**Data records**.
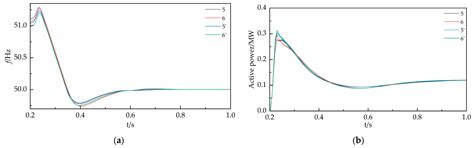 Research on Linear Active Disturbance Rejection Control Based on Grid ...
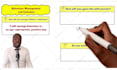 create 15minutes engaging whiteboard animation videos to captivate your audience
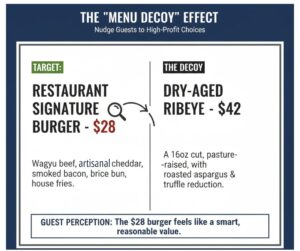 Example of menu pricing psychology using a high-priced anchor to make profitable items more attractive.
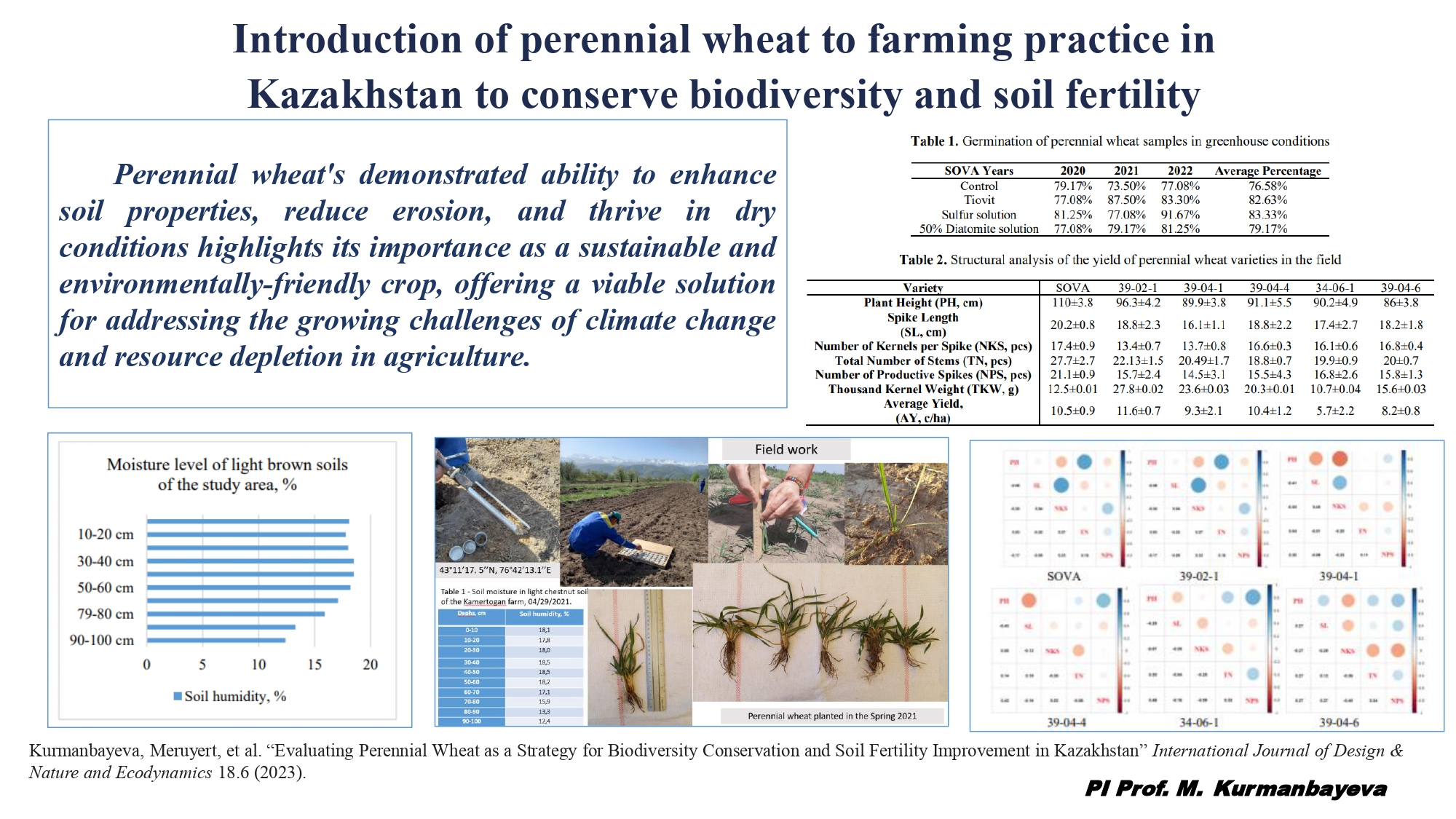 ҚазҰУ биология және биотехнология факультетінің ғылыми-зерттеу және тәжірибелік-конструкторлық жұмыстар арқылы 2-Тұрақты даму мақсатын (нөлдік аштық) жүзеге асыруға қосқан үлесі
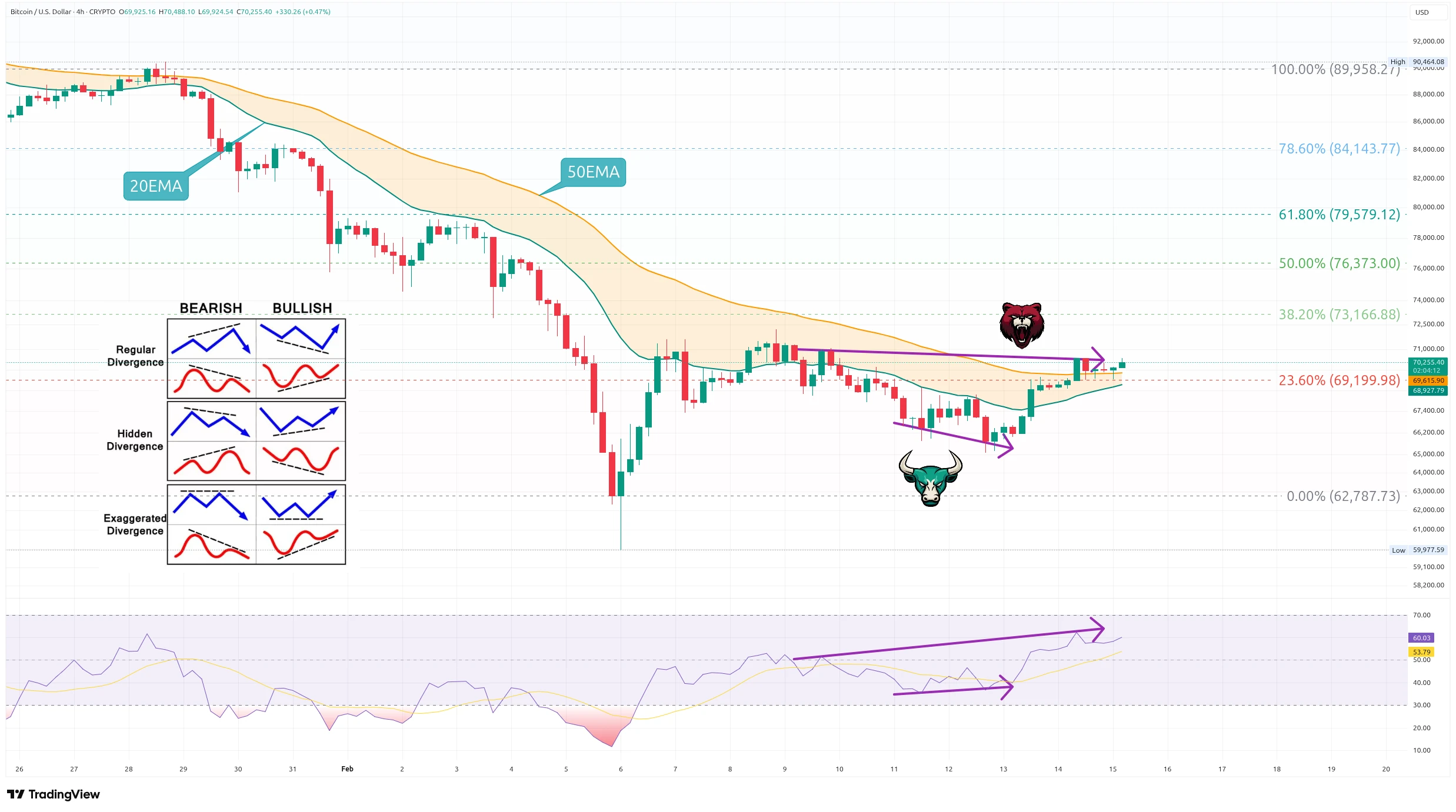 Čtyřhodinový graf kurzu ceny Bitcoinu s Fibonacciho retracementem a exponenciálními klouzavými průměry (zdroj: TradingView).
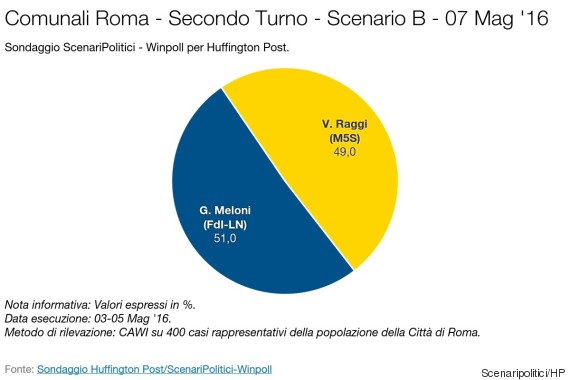 sondaggi roma, raggi, meloni, ballottaggio
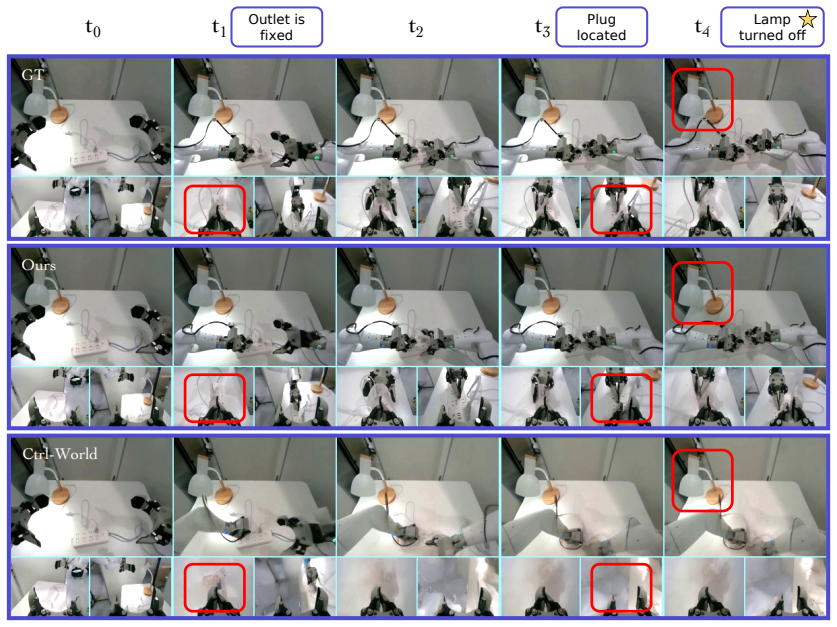 Figure 15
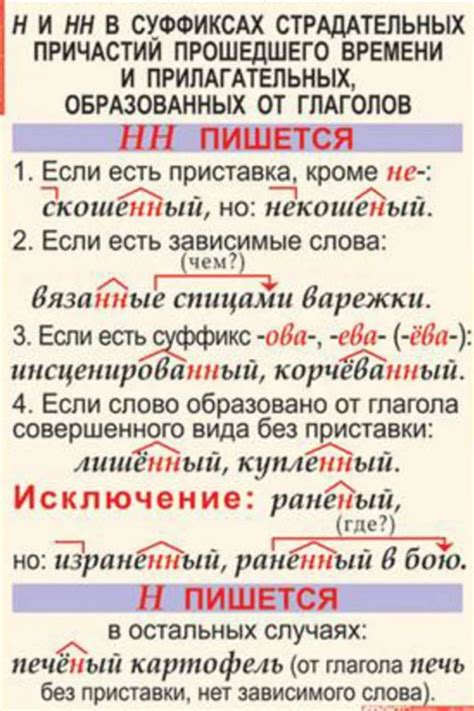 Как правильно пишется слово "тяжело"?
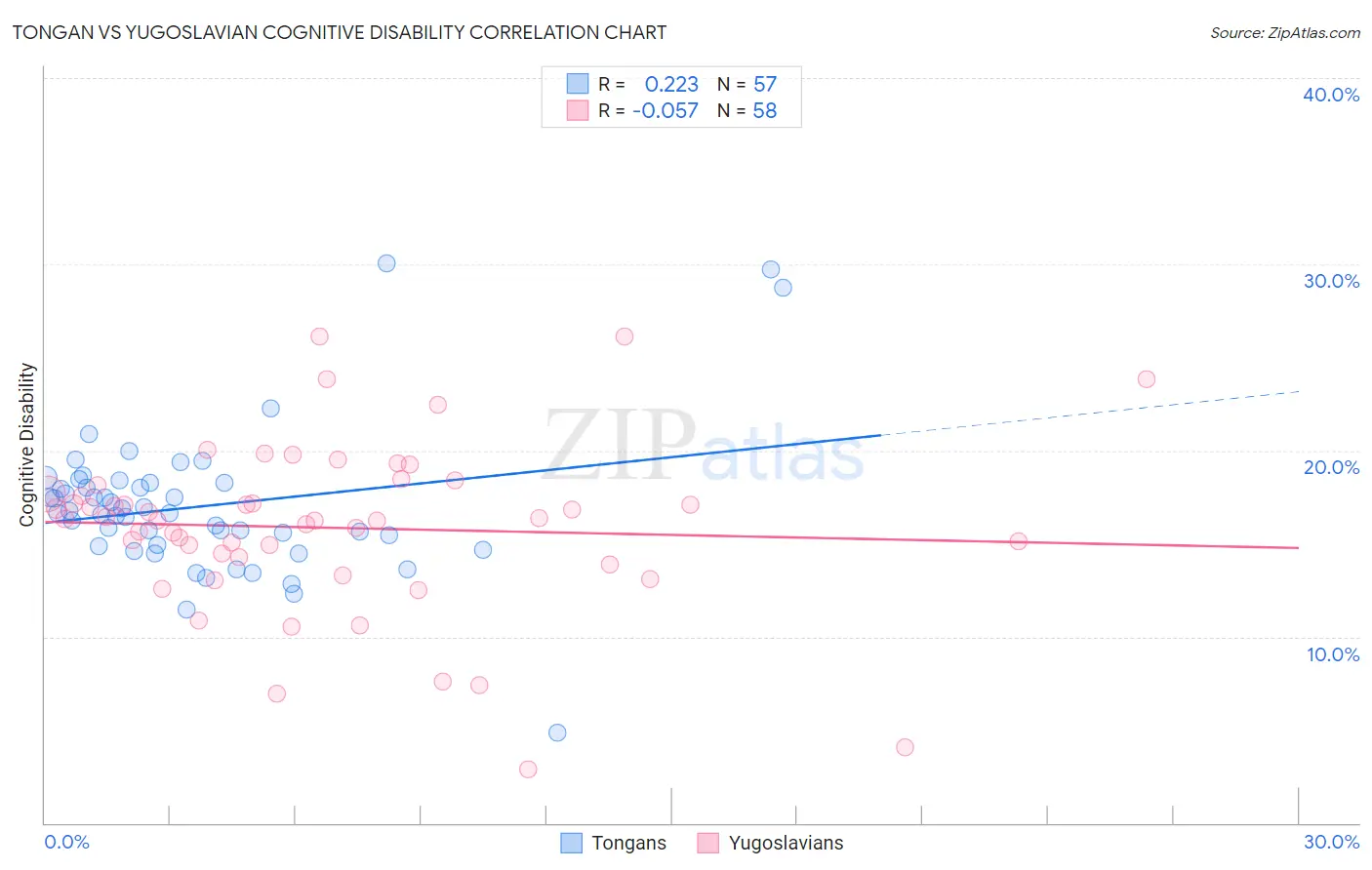 Tongan vs Yugoslavian Cognitive Disability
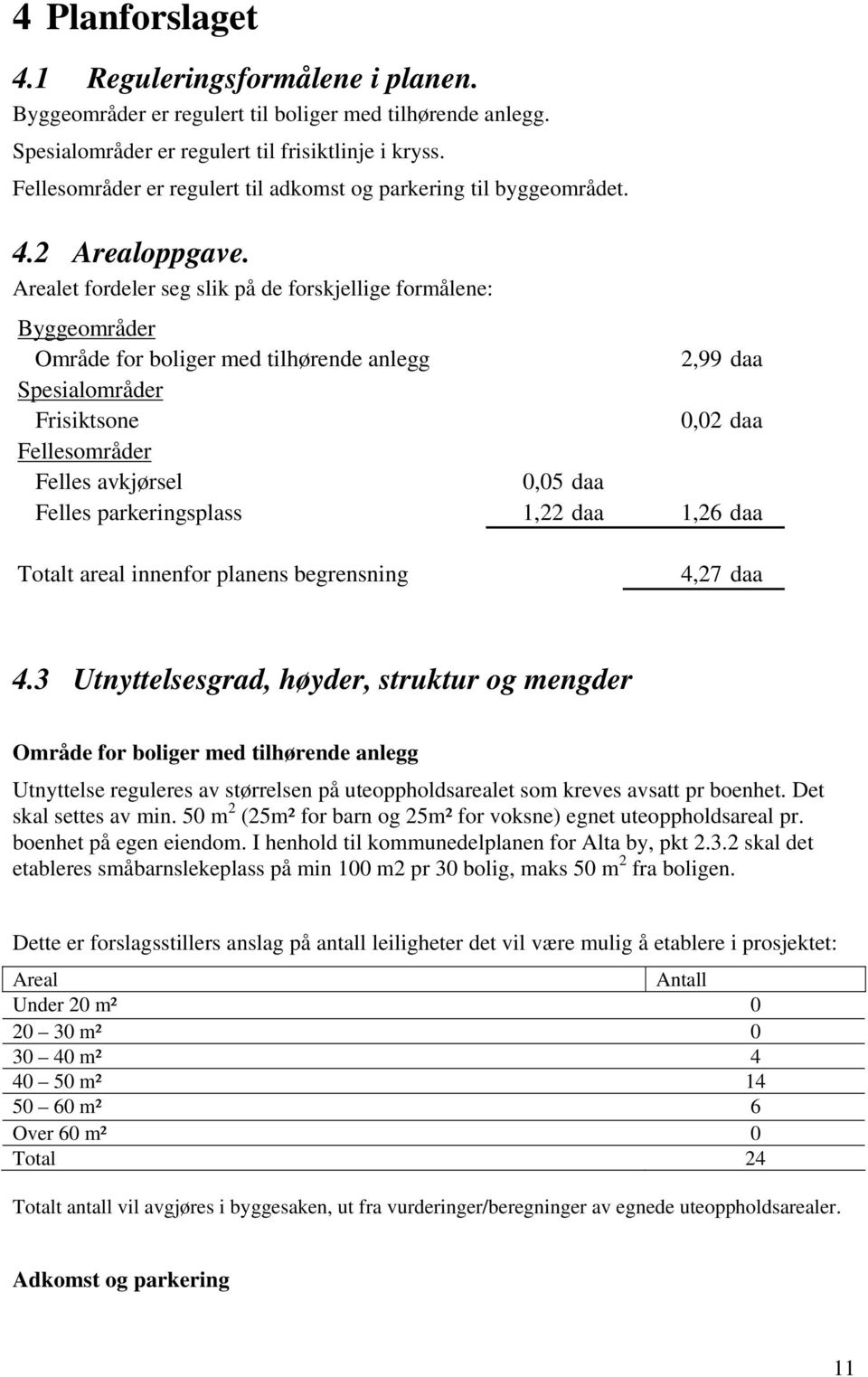 Arealet fordeler seg slik på de forskjellige formålene: Byggeområder Område for boliger med tilhørende anlegg 2,99 daa Spesialområder Frisiktsone 0,02 daa Fellesområder Felles avkjørsel 0,05 daa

**Exercise objective**. Reproduce the entries exactly, from the line with "Example of menu" to the line with "Tongan vs Yugoslavian Cognitive Disability", both lines included, keeping no pictures.

**The answer**.
 Example of menu pricing psychology using a high-priced anchor to make profitable items more attractive.
 ҚазҰУ биология және биотехнология факультетінің ғылыми-зерттеу және тәжірибелік-конструкторлық жұмыстар арқылы 2-Тұрақты даму мақсатын (нөлдік аштық) жүзеге асыруға қосқан үлесі
 Čtyřhodinový graf kurzu ceny Bitcoinu s Fibonacciho retracementem a exponenciálními klouzavými průměry (zdroj: TradingView).
 sondaggi roma, raggi, meloni, ballottaggio
 Figure 15
 Как правильно пишется слово "тяжело"?
 Tongan vs Yugoslavian Cognitive Disability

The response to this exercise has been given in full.